I was also very interested in what you said about the consultation on the school organisation code being an opportunity for all concerned parties to feed in. As you know, it is not just rural schools that find the issue of school closures very difficult. All schools, in my experience, tend to be very much the heart of their community, and I know that you’re aware that I have some concerns about the school organisation code. I think it is definitely timely to review it, and would just like to ask how you see that process going forward, and in particular, how you will ensure that parents and communities get a say in the reforms that you’re looking at.

Presiding Officer, can I thank the Member for the questions? I hope I’m not divulging too much of a secret that, in the previous Assembly term, Lynne and I would send messages across the Chamber on this very subject of our frustrations with the school organisation code.

I think it is timely, three years into its existence, to review its effectiveness. I particularly want to look at the issue of how we can amend it to look at the principle of presumption against closure, but I know that there are frustrations across the Chamber, from Assembly Members who represent all different types of communities, about whether it is as robust as it can be.

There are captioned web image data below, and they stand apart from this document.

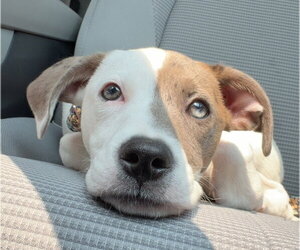 American Pit Bull Terrier-American Staffordshire Terrier Mix Dogs for adoption in Chester, VA, USA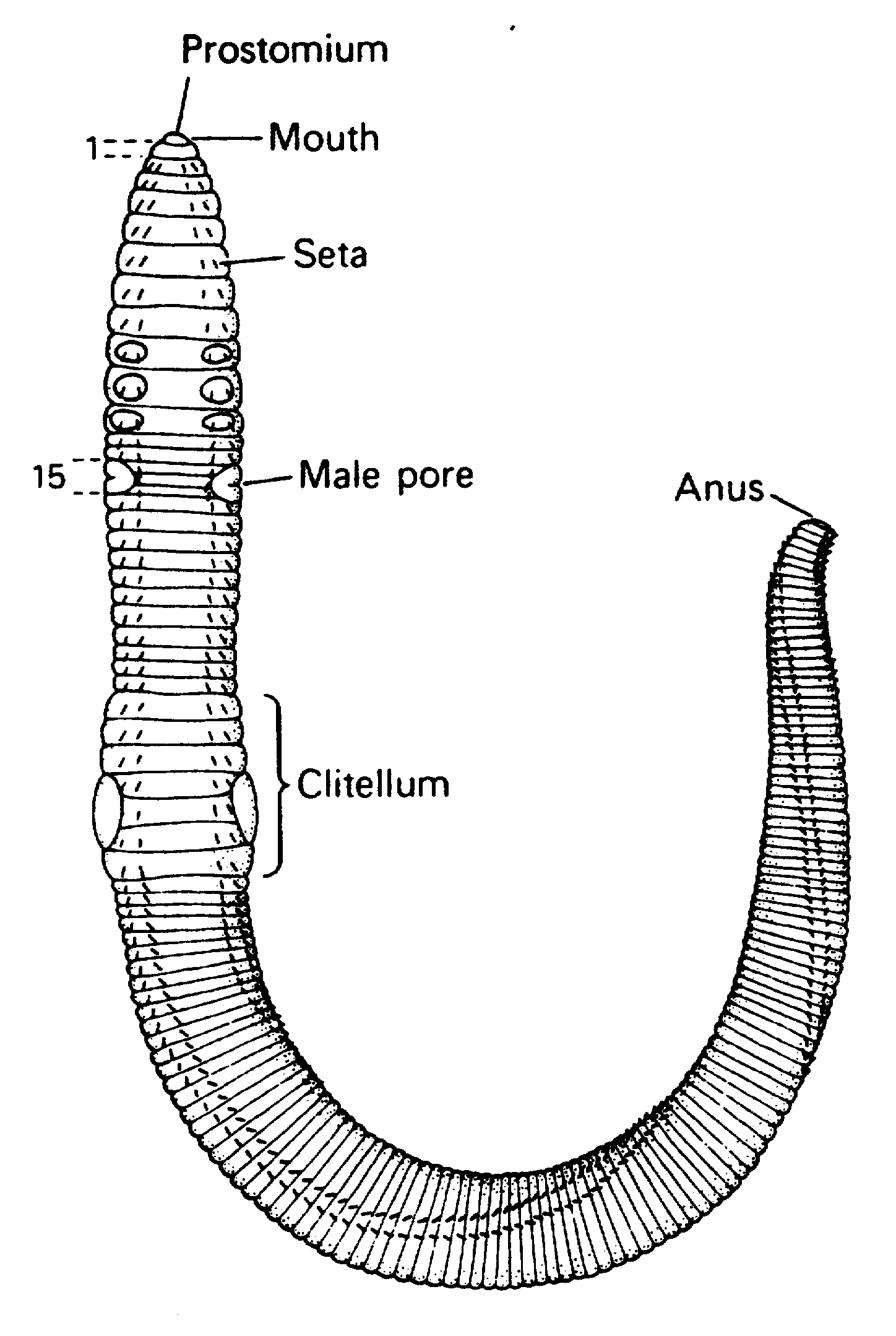 Worm Diagram Earthworm Dissection No Labels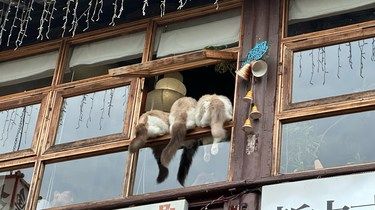 这家店的猫猫有点外向！
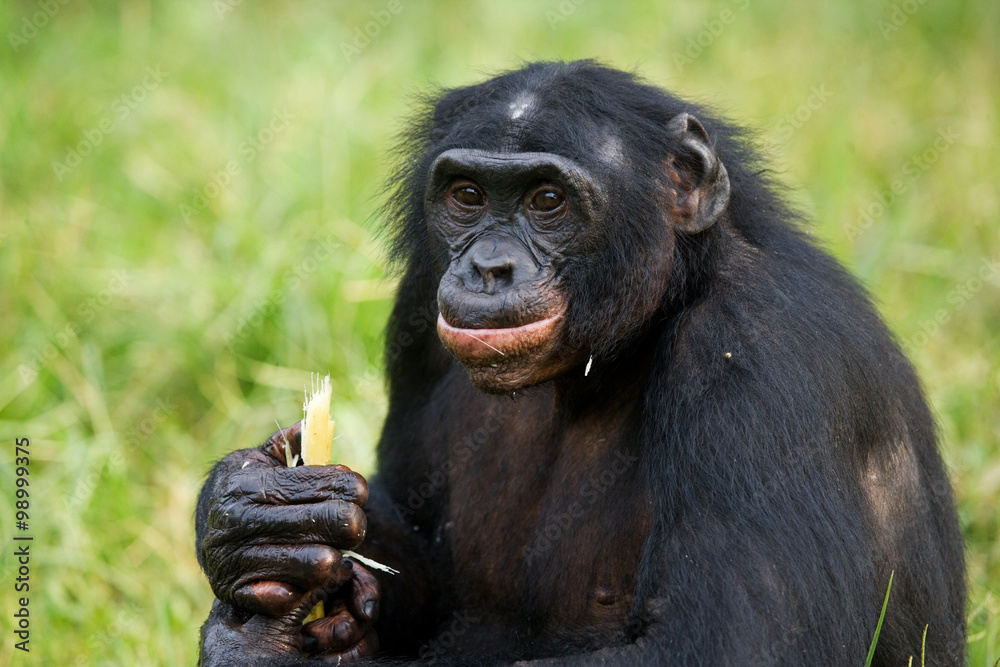 Bonobos eating bamboo. Democratic Republic of Congo. Lola Ya BONOBO National Park. An excellent illustration. Bonobos eating bamboo. Democratic Republic of Congo. Lola Ya BONOBO National Park. An excellent illustration.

I hope that we can avail ourselves of this opportunity to look at this in the round, because the Member is absolutely right: schools are important, whatever the nature of the community. I’m aware that in some Valleys communities the schools at the top end of the Valleys are probably equally as remote as some of the schools that I know and love very well. So, we need to look at this in a holistic way, and this is certainly not setting a different standard for one type of school as opposed to another.

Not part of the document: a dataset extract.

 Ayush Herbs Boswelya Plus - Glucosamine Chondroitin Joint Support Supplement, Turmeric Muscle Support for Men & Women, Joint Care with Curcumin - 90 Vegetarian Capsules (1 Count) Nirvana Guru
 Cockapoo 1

The Member is right about how we can engage with parents and communities. I will be using the full range of publicity machines that are available to the Welsh Government. I hope we’ve had a good start today in publicising this. I’m grateful the media have highlighted the statement this afternoon, but I will be relying on Assembly Members themselves, actually—I’d be very grateful to Assembly Members across the Chamber if they themselves would take part in the consultation and if they would make the consultation widely available to people whom they know have an interest in this particular issue. The more voices we can hear, the more opportunities we can have to have an organisation code that’s on point and really reflects the concerns of the people that we all represent.

As you state, small and rural schools can provide real academic, cultural and social benefits. When I called on the previous Welsh Government to respond to concerns that Flintshire County Council was using old and inaccurate data and acting in breach of the school organisation code in respect of a number of proposed school closures there, including small and rural schools, Ysgol Llanfynydd County Primary School and Ysgol Maes Edwin in Flint mountain, referred to earlier, your predecessor said,

‘I can’t comment…in terms of the school organisation code and the guidance, because, of course, this may come before Welsh Ministers.’

Of course, in the context of small and rural schools, that hadn’t been the case since 2013. Now, although councillors must only consider material evidence relevant to the school organisation code and the accuracy of the data used by the council cabinet as the basis of their recommended decision to close schools, when these closures came to council, the highly political comments by the council leader were not material to the matters that the council must consider, and this political point scoring on both occasions raised serious concerns about the basis on which his cabinet took their decisions.

You state you’re not going to revisit decisions previously made. Does that therefore mean that you’re bolting the stable door after the previous Welsh Government and current First Minister allowed the horses to bolt, or, in circumstances such as this, will you reconsider the evidence used to justify the closure to members and the public, in the context of what the school organisation code actually required?

Mark, I thought I had made it quite clear in my answer to Michelle Brown that I’m not prepared to reopen cases that have been already discharged. Mark, I can only be responsible for the situation I find myself in now. This is not about shutting the stable door after the horse has bolted. This is a genuine opportunity to recognise the particular challenges of delivering education in a rural area and the barriers that may make it more difficult for that education to achieve absolute excellence, and I am determined to do that. I am sorry that you feel that this policy—. Unlike your education spokesperson, who sees that there is merit in what I am doing, I am sorry that you have not been able to share in that enthusiasm.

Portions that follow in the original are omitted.